Craig Ellwood and Jerrold Ellsworth Lomax: Hunt House

1955 | Malibu, California, USA

Craig Ellwood was a modernist architect based in Los Angeles, with a career spanning from the 1950's to the 1970's. Although Hunt House was mainly credited to Craig Ellwood, the main design of the house was thought to have been done by Jerrold Lomax, with the interior furnishings being designed by Craig Ellwood associates. 

From street level, Hunt House has two distinctive garages, with the main house accessed via a walkway / terrace through the main entrance in between.

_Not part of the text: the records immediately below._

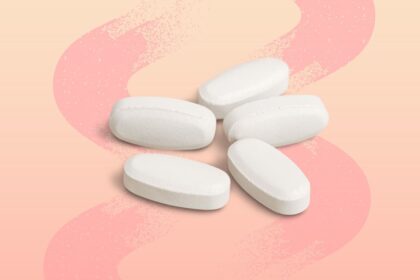 Do You Actually Need to Avoid Them?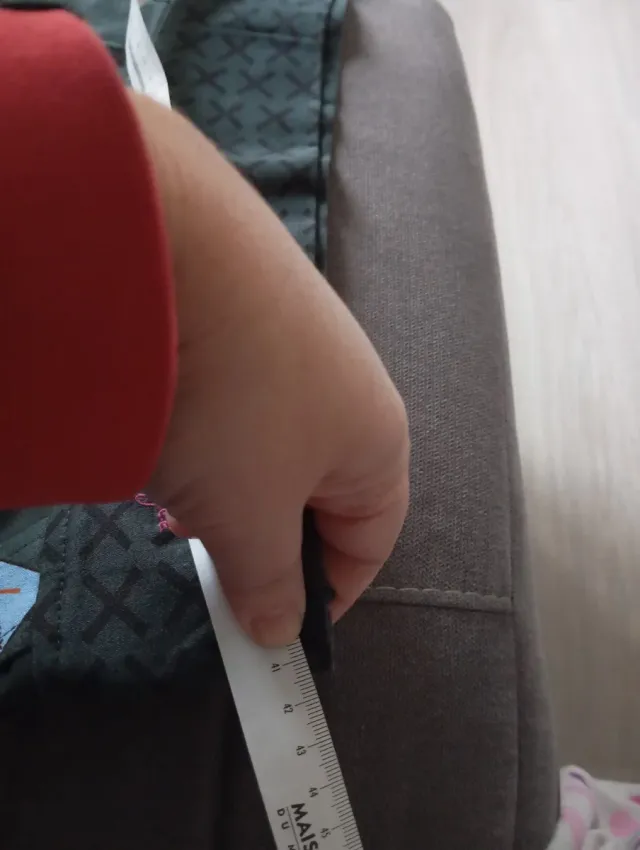 Cconjunto chaqueta Desigual, falda Rosalita McGee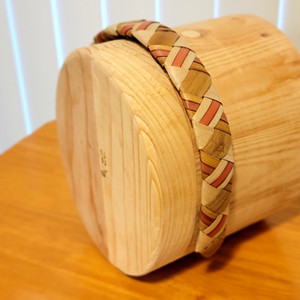 LIMITED EDITION Likelike Headband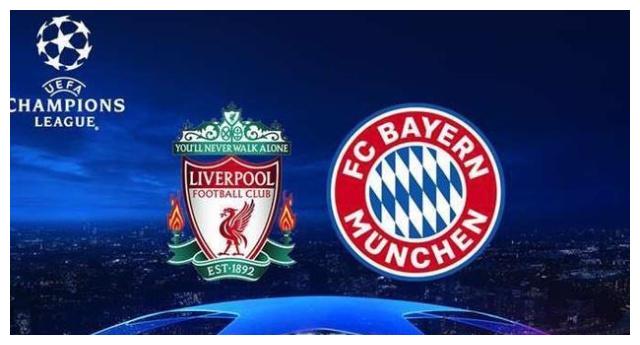 包含利物浦风头正劲,将与拜仁激战至最后的词条 包含利物浦风头正劲,将与拜仁激战至最后的词条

The house itself is divided into 4 separate boxes with outdoor terraces, set across two levels, with the layout configured in a 'H' shape in plan. The 2 bedrooms with en suites are positioned at the front of the house, with a large open plan living area and kitchen to the rear which leads onto a terrace with views across the beach.

Photographs: Marvin Rand | Source: “Arts & Architecture” 12/1958, pp. 16-17.

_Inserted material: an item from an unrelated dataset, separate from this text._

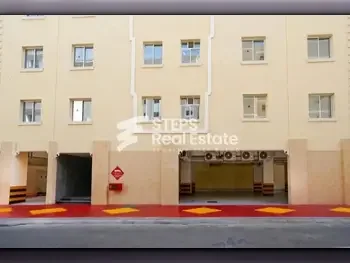 Buildings, Towers & Compounds Family Residential  Doha  Al Sadd  For Sale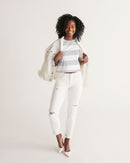 GW Ladies  Cropped Tank-8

Robin Walker: O'Flaherty House

1963 | Kinsale, Cork, Ireland

Robin Walker, born in Waterford in 1924, was known for his Miesian design led buildings throughout Ireland. On his return to Ireland after studying under Modernist Architect Mies van der Rohe in Chiacgo for two years, he was made a senior partner at the newly created Scott Tallon Walker Partnership. Notable projects Walker carried out include the Irish Pavillion for the 1939 Universal exhibition, and Sandycove in 1938. Following his retirement from Scott Tallon Walker in 1982, Walker chose to focus on teaching at the University of College Dublin, along with his writing and interests in town planning. He is considered one of the most important modernist architects in Ireland still today.

Designed for Michael O’Flaherty, a bachelor, this open plan pavilion sits on concrete ‘pilotis’ and provides panoramic views over Kinsale Harbour. It was very well received with Walker receiving the RIAI’s Triennial Gold Medal for the project. O’Flaherty House is clearly heavily influenced by Mies’ Farsnworth House, in taking a similar form, with the most notable difference being the trading of steel columns for reinforced concrete. The form includes eight octagonal ‘pilotis’ which carry through to roof level and the sloping site below, that hold a centre square profile form with glass on all sides.

 Photographs: Henk Snoek | Norman McGrath | Scott Tallon Walker Architects | Source: OFHouses

Marcel Breuer: Gane Pavillion

1936 | Bristol, UK

Marcel Breuer was an architect and furniture designer and one of the most renowned architects in 20th century design. Gane Pavillion, also known as the Gane Show House, Bristol Pavillion, and Gane's Pavillion, was a temporary building designed by Marcel Breuer with F.R.S Yorke, located at Ashcourt Court, near Bristol. Crofton Gane, a proprietor of P.E Gane, a Bristol furniture manufacturing company, commisioned the building to act as a showroom to display his products at the 1936 Royal Show. The building itself was clad glass and local stone, single storey form with a flat roof. Breuer considered it one of his two favourite works, after the UNESCO Headquarters building is Paris. 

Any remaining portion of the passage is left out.